A coworker keeps seeing half his expected mass for a series of compounds using electrospray positive. There is no way it would fragment that way. My only thought is if the major charge was + 2H+ instead of 1H+. I've never actually heard of that happening before, and we've never seen that before, but I'm curious if it ever happens.
Of course it happens. The question is whether you can prove it.

One piece of proof: Are there isotopic peaks spaced at expected intervals, or do they appear to be packed closer together than unit mass?

Another piece: Can you fragment the molecule into a mass with higher m/z? This can only happen if the precursor ion was multiply charged and the product is less charged. For example, cyanocobalamin (a form of vitamin B12) is visible on MS/MS at 678.3>997.5. The exact lowest-isotope mass is 1354.6, so this is [M+2H]+ fragmenting into a singly charged ion. If you don't have MS/MS you could try cranking up the fragmentor voltage (or declustering potential or whatever it's called on your MS) to promote in-source fragmentation.
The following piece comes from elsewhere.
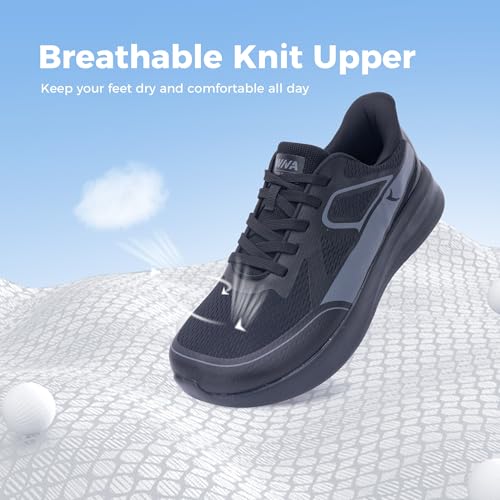 QAUPPE Wide Toe Box Walking Shoes for Men | Zero Drop Minimalist Design | Arch Support for Plantar Fasciitis | Slip-On Tennis Shoes US 8-124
Thanks for the reply. Later in the synthesis (this was an intermediate) it started ionizing at M+1 again, so fairly sure that is what was happening. The M+2/2 ion was most likely real since it was a very strong signal under the compound UV peak and the compound couldn't fragment in half that way (it was symmetric, but the center was a piperizine which would require breaking two carbon-carbon bonds). There were many other ways it would have preferred fragmenting, but we didn't see that.